Nada contra a abstinência. Nem muito menos contra assistir quem a busca, pois a dificuldade se revela enorme, atravancada como é por alterações estruturais no cérebro dos dependentes mediadas por dopamina (até aqui concordamos).

Os problemas começam quando Terra, para reforçar a noção de doença malévola, qualifica essas alterações como permanentes. Ora, como seria então possível sua reversão, pressuposto de qualquer tratamento que o ministro médico possa prescrever?

Lewis não nega essas alterações. Ao contrário, descreve-as no livro com minúcia, mencionando as mesmas técnicas digitais para obter imagens do cérebro invocadas pelo correligionário do presidente Michel Temer.

Tampouco deixa de dizer que a própria conceituação da dependência como enfermidade representou a certa altura um avanço. Graças a ela, desfez-se o estigma moralista de que basta força de vontade para abandonar o “vício”.

Embora proclame pautar-se só por evidências, Terra não apresenta nenhuma e joga para a torcida conservadora e apavorada quando fala do “holocausto da nossa juventude” e de uma “epidemia sem precedentes de violência, gestada no útero de outra epidemia, a de consumo de drogas no Brasil”.

Que evidências o médico tem a oferecer para corroborar sua afirmação de que as mortes da tal epidemia “decorrem mais do efeito das drogas que da ação do tráfico”? Ou para dizer que “a violência e o número de dependentes marginalizados diminuíram em todos os países que atuam com rigor contra o comércio e o consumo de drogas”?

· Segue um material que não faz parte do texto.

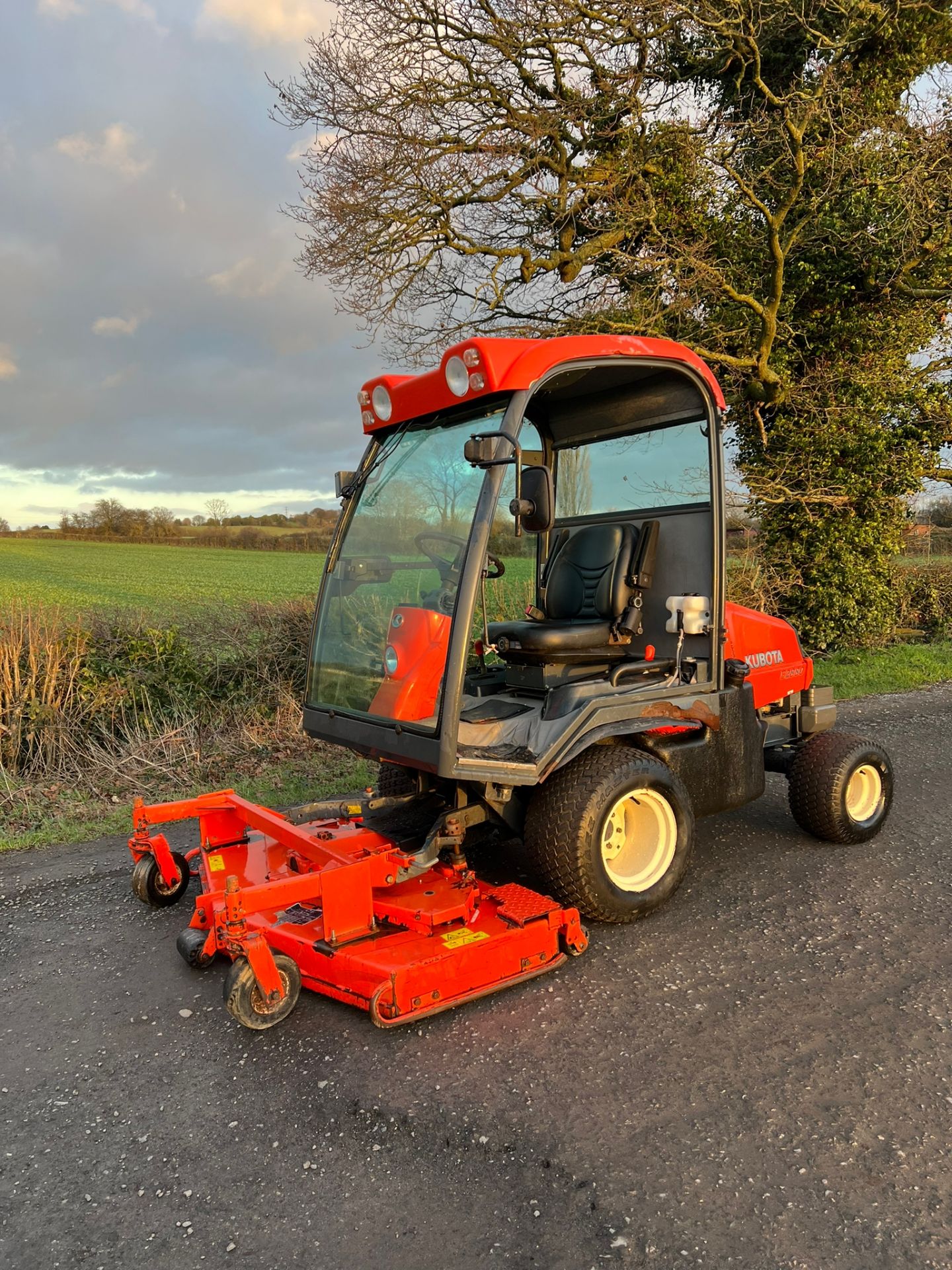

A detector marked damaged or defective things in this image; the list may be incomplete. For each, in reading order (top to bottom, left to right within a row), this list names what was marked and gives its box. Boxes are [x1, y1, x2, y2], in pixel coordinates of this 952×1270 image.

rust patch [645, 700, 721, 731]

Isso é o que o senso comum acredita. Mas não vale para as dezenas de milhares de mortos na “guerra às drogas” no México e nas Filipinas, nem para centenas de milhares de jovens escuros encarcerados por delitos menores relacionados a drogas no Brasil e nos Estados Unidos.

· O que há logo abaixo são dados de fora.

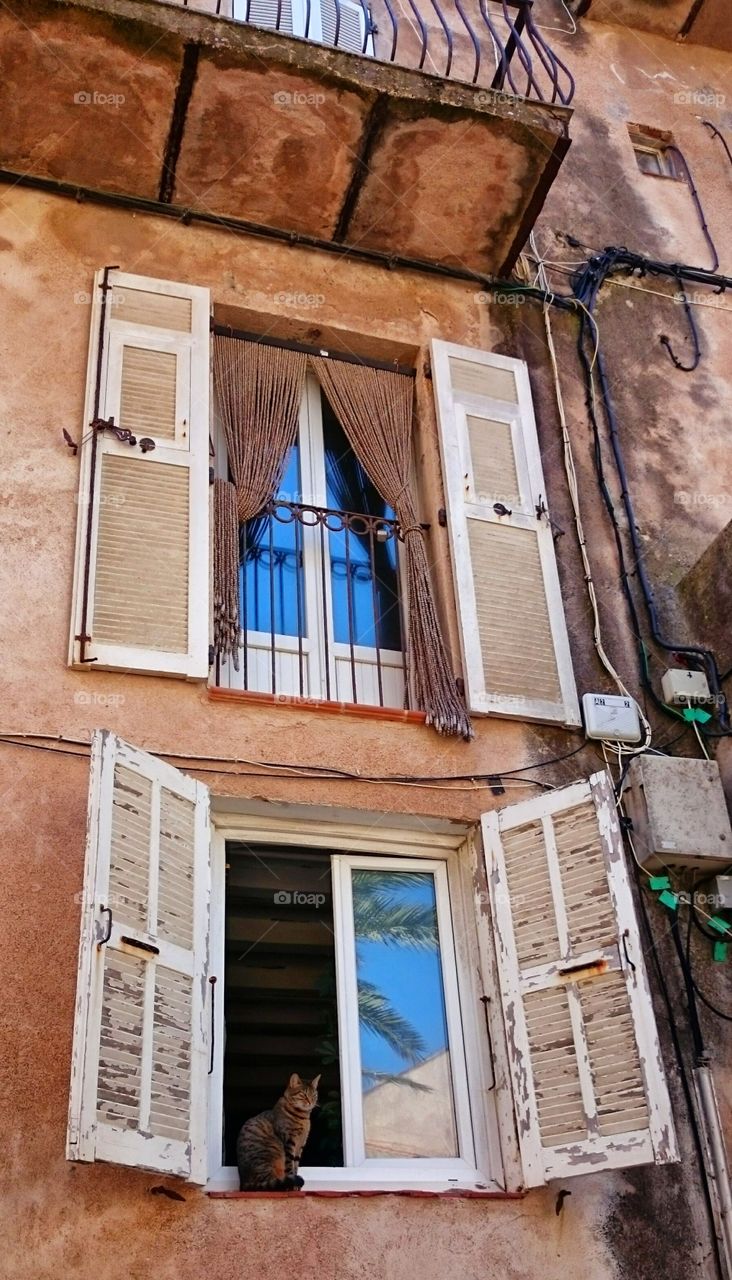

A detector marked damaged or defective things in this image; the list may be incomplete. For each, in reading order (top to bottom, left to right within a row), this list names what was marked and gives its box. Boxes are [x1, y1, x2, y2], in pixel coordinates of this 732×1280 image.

Proibicionismo e medicalização exagerada caminham hoje de mãos dadas para borrar a diferença entre uso e abuso de drogas, como parece ser o fulcro do interesse político de Terra. E, já que ele diz pautar-se apenas pela ciência, que reflita sobre o que diagnosticou extensa revisão publicada em 24 de março de 2016 na revista médica “The  Lancet”:

“A ideia de que todo uso de drogas é perigoso e maléfico tem levado a políticas pesadas em cumprimento da lei e tornado difícil enxergar drogas potencialmente perigosas sob a mesma luz de alimentos potencialmente perigosos, tabaco e álcool, para os quais o objetivo da política social é reduzir danos potenciais”.